◆ The input ◆
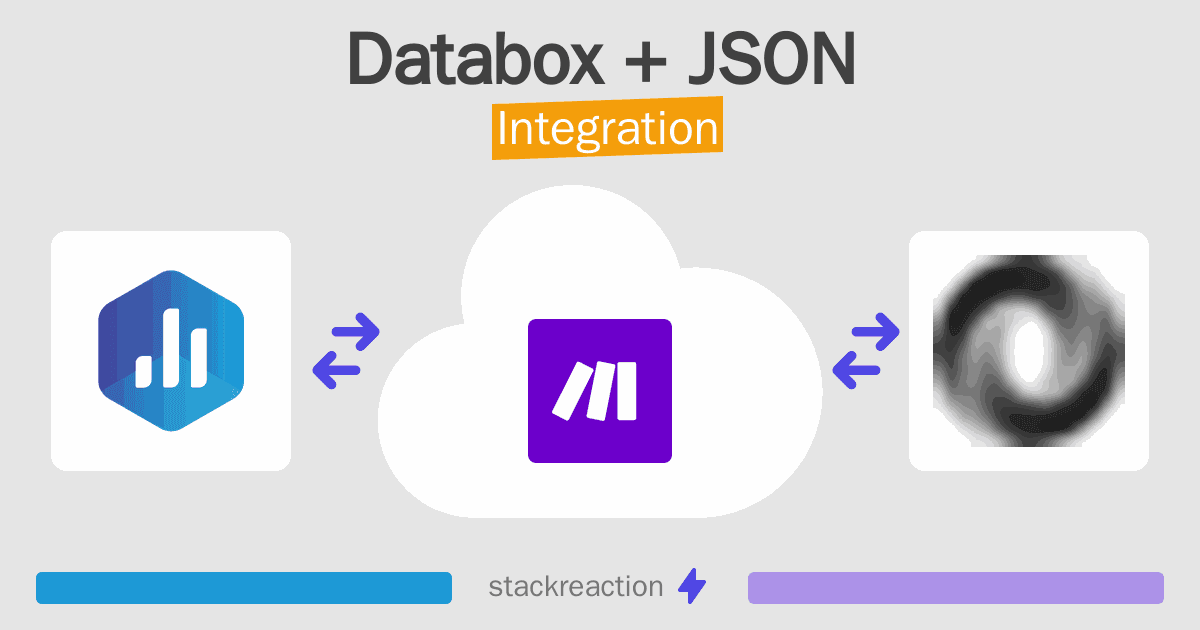 Databox and JSON Integration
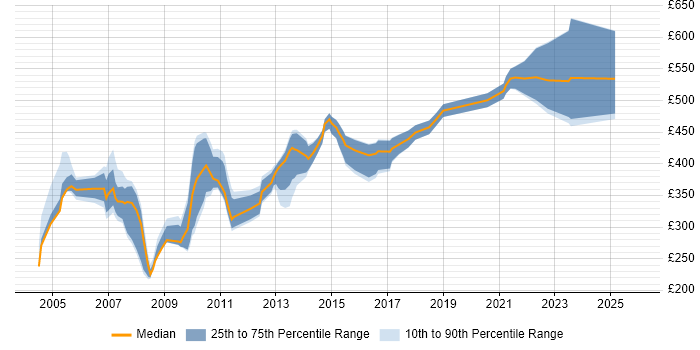 Contractor daily rate distribution trend for jobs in London citing IBM Certification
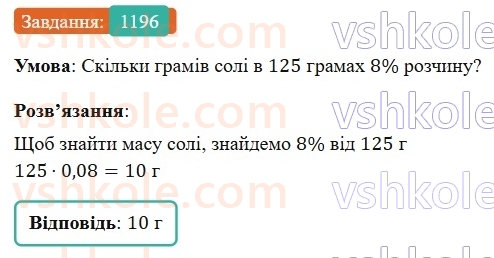 7-algebra-gp-bevz-vg-bevz-2024--rozdil-5-stohastika-28-vidsotkovi-rozrahunki-1196.jpg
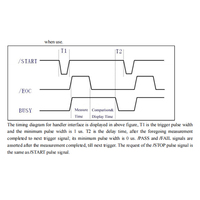 Test d'impulsions Tonghui TH2883S8-5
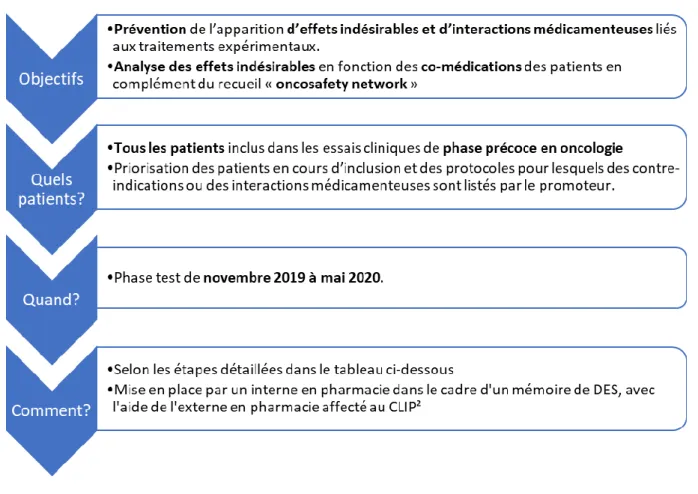 Figure 7: Projet initial 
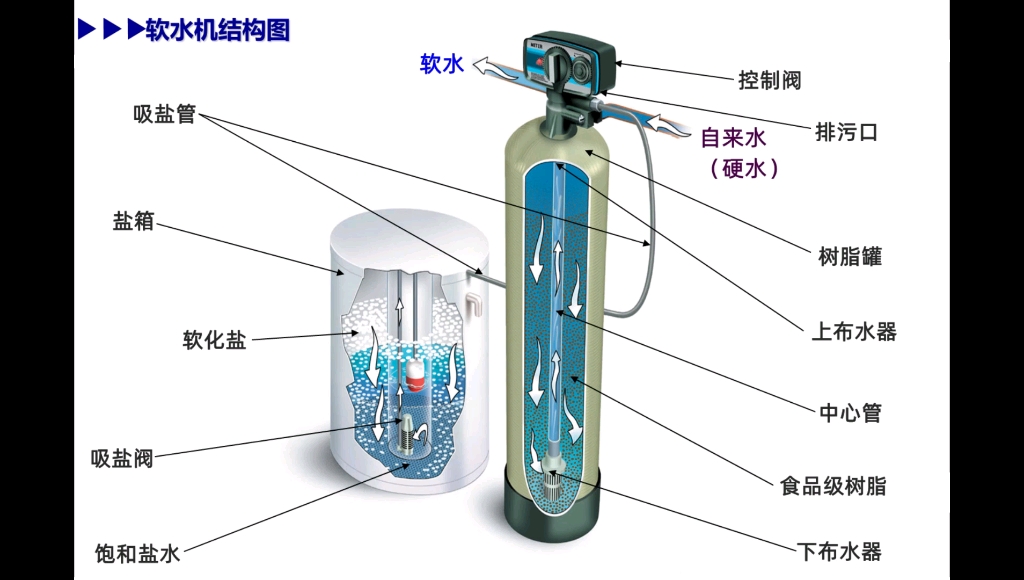 软水机工作原理和反洗再生各步骤说明,软水机排废水多盐耗高原因,厨下软水机树脂少盐箱小不适用于硬度高用水量多的环境的原因,干盐箱和湿盐箱的区...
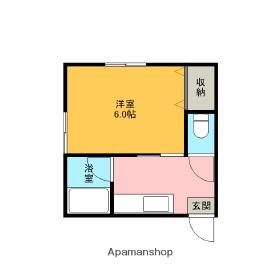 プラグイン関屋大川前(1K/1階)の間取り写真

◆ Problem requirements ◆
Give back the material above exactly as it appears, minus any picture.

◆ Result below ◆
 Databox and JSON Integration
 Contractor daily rate distribution trend for jobs in London citing IBM Certification
 7-algebra-gp-bevz-vg-bevz-2024--rozdil-5-stohastika-28-vidsotkovi-rozrahunki-1196.jpg
 Test d'impulsions Tonghui TH2883S8-5
 Figure 7: Projet initial 
 软水机工作原理和反洗再生各步骤说明,软水机排废水多盐耗高原因,厨下软水机树脂少盐箱小不适用于硬度高用水量多的环境的原因,干盐箱和湿盐箱的区...
 プラグイン関屋大川前(1K/1階)の間取り写真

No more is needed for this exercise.